Big thanks also to Automattic, the company behind WordPress, which in 2019 denied three frivolous legal requests to remove content on this blog, including from the Indian government (click here and here to read Eugene Volokh’s coverage of those requests).

After co-bylining a series of investigative stories for The Daily Beast in 2018, in April I started freelancing for BuzzFeed News. But not before co-bylining one last story with DB’s Lachlan Markay. An update to the Forrest Gumpian saga of Kremlin media policy adviser Alexander Malkevich — who has a knack for popping up in unexpected (and not-so-unexpected) places — the story chronicled Malkevich’s attempts to navigate US Treasury Department sanctions placed on him and his now-infamous Russian propaganda site USA Really in late 2018.

malkevich_standart04032019

Alexander Malkevich (source)

Via “Google Yanks Services From Russian Propaganda Site” by Lachlan Markay and Dean Sterling Jones, The Daily Beast, February 07, 2019:

Tech giant Google has cut off a sanctioned Russian propaganda website from popular tools that allowed the site to track and collect extensive data on the site’s readers.

The website, USA Really, has been barred from using Google Analytics, the company told The Daily Beast last week, depriving the site of reporting data on readers’ countries of origin, time of visit, pages visited, referring websites, IP addresses, and types of operating systems.

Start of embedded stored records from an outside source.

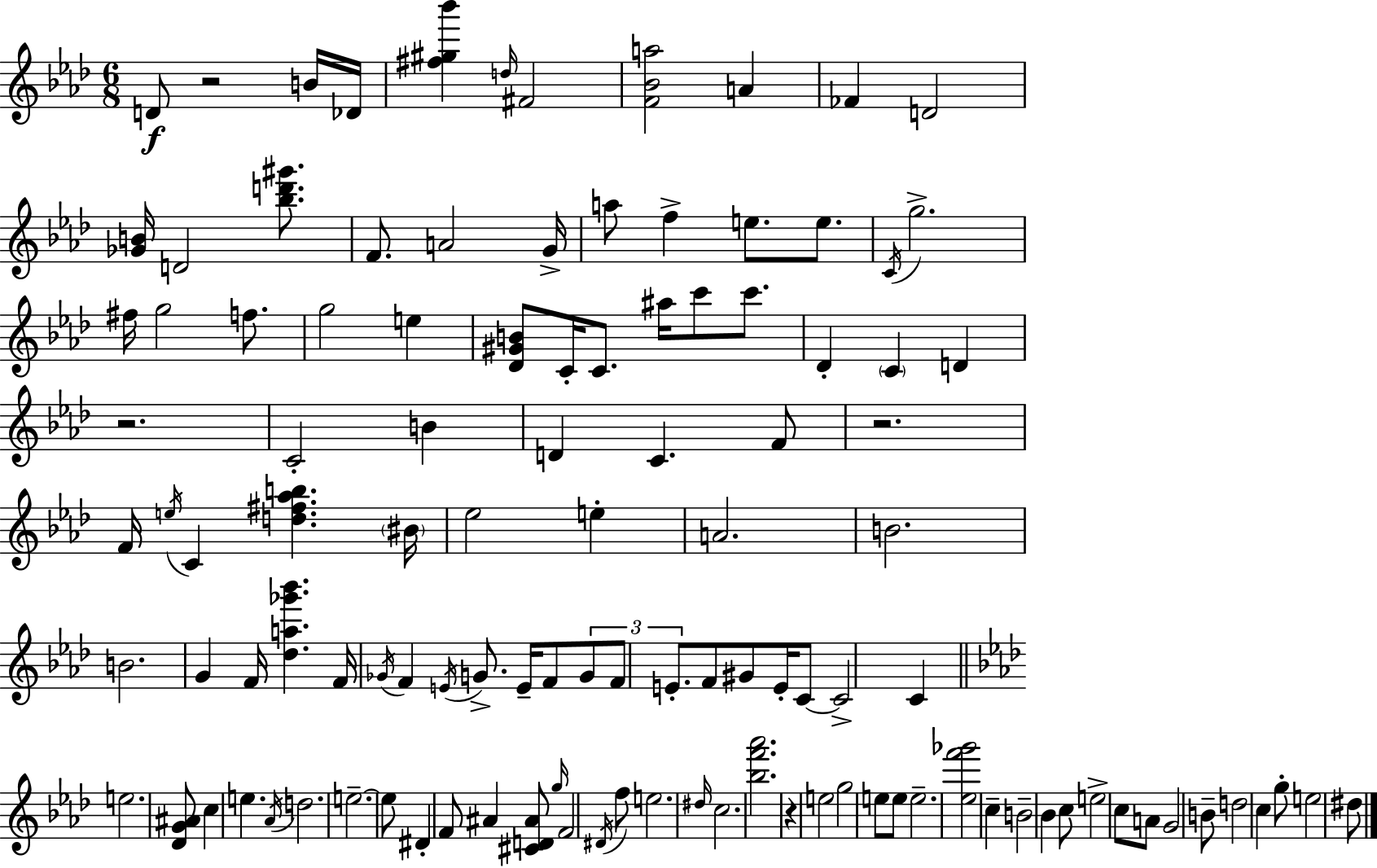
{
  \clef treble
  \numericTimeSignature
  \time 6/8
  \key aes \major
  \repeat volta 2 { d'8\f r2 b'16 des'16 | <fis'' gis'' bes'''>4 \grace { d''16 } fis'2 | <f' bes' a''>2 a'4 | fes'4 d'2 | \break <ges' b'>16 d'2 <bes'' d''' gis'''>8. | f'8. a'2 | g'16-> a''8 f''4-> e''8. e''8. | \acciaccatura { c'16 } g''2.-> | \break fis''16 g''2 f''8. | g''2 e''4 | <des' gis' b'>8 c'16-. c'8. ais''16 c'''8 c'''8. | des'4-. \parenthesize c'4 d'4 | \break r2. | c'2-. b'4 | d'4 c'4. | f'8 r2. | \break f'16 \acciaccatura { e''16 } c'4 <d'' fis'' aes'' b''>4. | \parenthesize bis'16 ees''2 e''4-. | a'2. | b'2. | \break b'2. | g'4 f'16 <des'' a'' ges''' bes'''>4. | f'16 \acciaccatura { ges'16 } f'4 \acciaccatura { e'16 } g'8.-> | e'16-- f'8 \tuplet 3/2 { g'8 f'8 e'8.-. } f'8 | \break gis'8 e'16-. c'8~~ c'2-> | c'4 \bar "||" \break \key aes \major e''2. | <des' g' ais'>8 c''4 e''4. | \acciaccatura { aes'16 } d''2. | e''2.--~~ | \break e''8 dis'4-. f'8 ais'4 | <cis' d' ais'>8 \grace { g''16 } f'2 | \acciaccatura { dis'16 } f''8 e''2. | \grace { dis''16 } c''2. | \break <bes'' f''' aes'''>2. | r4 e''2 | g''2 | e''8 e''8 e''2.-- | \break <ees'' f''' ges'''>2 | c''4-- b'2-- | bes'4 c''8 e''2-> | c''8 a'8 g'2 | \break b'8-- d''2 | c''4 g''8-. e''2 | dis''8 } \bar "|."
}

The information is typically used for search engine optimization and marketing purposes.

It’s the latest setback for USA Really, which has seen multiple other tech firms cut ties with the site after its parent company, Russia’s Federal News Agency (FAN), was hit with U.S. sanctions in December. Federal authorities accuse FAN of complicity in a widespread, Kremlin-backed disinformation campaign dubbed “Project Lakhta…”

Sanctions against FAN also have USA Really’s American contributors reconsidering their own involvement, given the possibility that any payments for their writing might run afoul of prohibitions on business dealings with the site.

“Our authors continue to cooperate with us,” Malkevich told The Daily Beast. “They write about their thoughts, about the problems of American society…”

Asked about the future of USA Really, he said he is currently exploring ways to navigate the new sanctions while waiting for federal authorities to confirm whether or not he has the right to continue operating in the United States.

“WHY I HAVE THE RIGHT TO RUN MY SITE??????????????,” he replied when asked to elaborate. “1. IT IS MY OWN PROJECT 2. I REALLY LOVE TO WRITE 3. US DIDN’T SUGGEST ME ANYTHING ONLY SANCTIONS NO COMMUNICATION NO LETTERS NO ANSWERS TO MY QUESTIONS NO COOPERATION.

“I AM REALLY UPSET BECAUSE OF ALL THESE THINGS,” he added. “AND NOW YOU WANT TO CONSRUCT [sic] SOME THEORY OF PLOT AGAINST US?

“WITCH HUNT 2019? ALL ANERICANS [sic] CAN WRITE ANYTHING FOR US.”

Click here to read the full story.

Despite a glowing review of our story by one of USA Really’s American contributors, Malkevich subsequently quit the site to lead the Foundation for the Protection of National Values (FPNV), a self-described “small non-government organisation” that purportedly conducts sociological research to sell to “businessmen” and “other people who are in need of them.” At FPNV, Malkevich spent the rest of 2019 fending off allegations (including criminal charges against two of FPNV’s employees) that he was involved in Kremlin-backed efforts to interfere in African elections.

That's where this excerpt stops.